Kintyre and Knapdale, to the North of the Loop and Tarbert, had been the ancestral lands of Clan MacAlister since the 1300’s. These lands, most likely, originally belonged to an earlier MacAlister and were forfeit to the King after the MacAlisters participation in some rebellion.

The King would have given the land to Campbells for their support against the MacAlister rebels. Not sure about that, but it’s an educated guess. So I am sure that Matthew Macalister was delighted to have been in a position to purchase Barr House and lands from a bankrupt Campbell. Soon after buying Barr House Matthew married Charlotte Brodie of Brodie, and began to add to the structure.

Eventually after several years he decided to build a more fashionable Gothic Revival style house, turning the original structure into a mere wing of the his Grand new house.

This new house was designed by the then famous James Gillespie Graham, and was completed in 1815. With its new grandeur it was renamed ‘Glenbarr Abbey’. The use of the term Abbey was the fashion of the day even though the building was never used for religious purposes.

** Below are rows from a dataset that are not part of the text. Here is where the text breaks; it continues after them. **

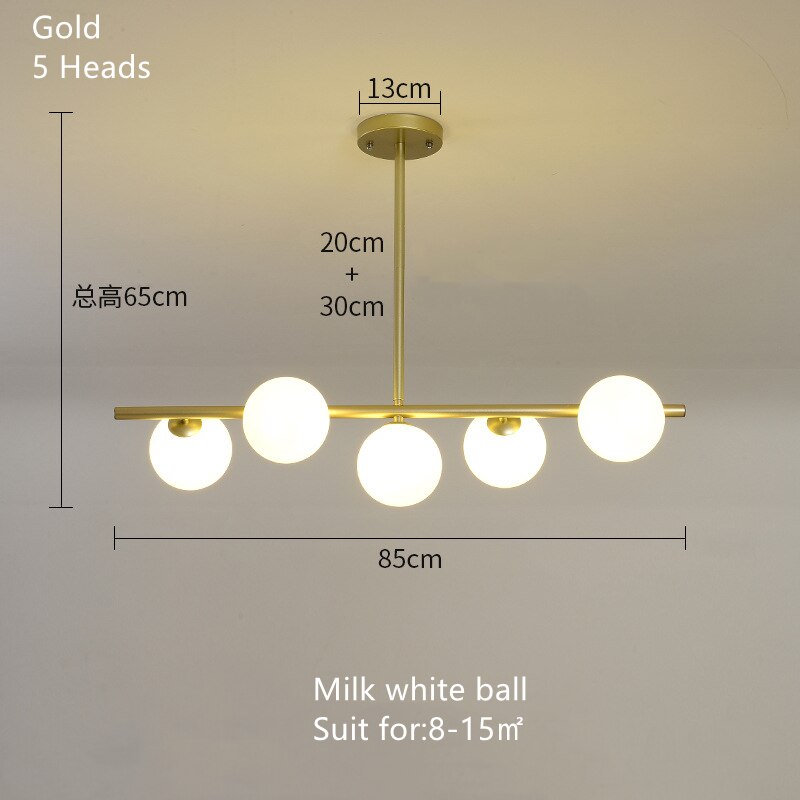 ChandeliersDecor.com-Kitchen Island-White Glass Ball Chandelier - Stunning Lighting Fixture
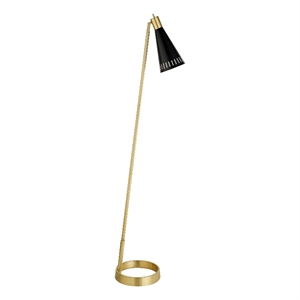 Henn&Hart 11&quot Brushed Brass/Matte Black Metal Floor Lamp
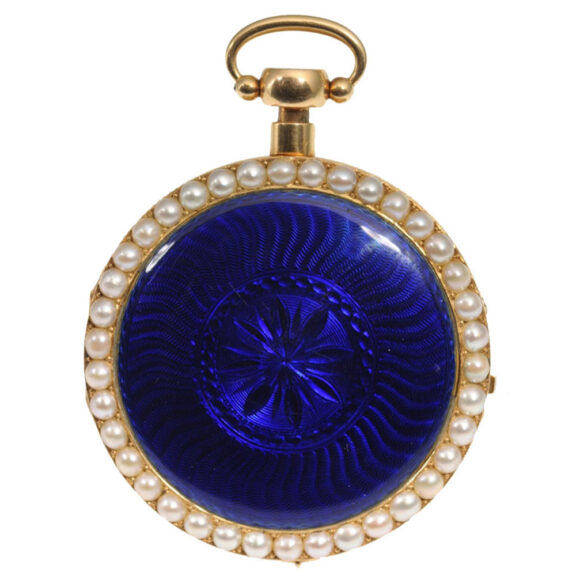 18 carat half pearl-studded gold enamel pocket watch circa 1820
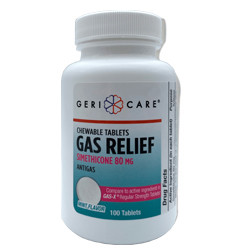 ANTACIDS ANTIGAS SIMETHICONE 80MG TABLETS CHEWABLE COMPARE TO PHAZYM / MYLANTA GAS MADE USA (100/BTL 12/CS) [PH115]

It is no coincidence James Gillespie Graham worked on Glenbarr Abbey as he was also working, at that time, on the MacAlisters of Toursdale house on the Eastern side of Kintyre. The new house has a medieval look with traceried windows, lancets, hood moldings, crocketed finials rising from corner buttressing and topped off with a unifying crenellated parapet that we see today.

In 1844 Keith Macalister, 2nd Laird Glenbarr, carried out further extensions to the west wing and added a court of offices, a coachman’s house and stables crowned with a parapet-stepped profile. He also built a large laundry behind the east wing that is now refurbished and used as a large hall for receptions, meetings and Ceilidhs.

The 3rd Laird Glenbarr, Matthew Charles Brodie Macalister, made many improvements to the adjoining woodlands, estate farms and village with the thatched roofs replaced with slate. Later in the 19th century, Ronald MacDonald Brodie Macalister, 4th Laird, continued to make improvements to the estate and farms and in 1947 he converted the water mill on the Barr Water into a generator house and brought electricity into the house. Glenbarr Abby was the first house in the area to have electric lights.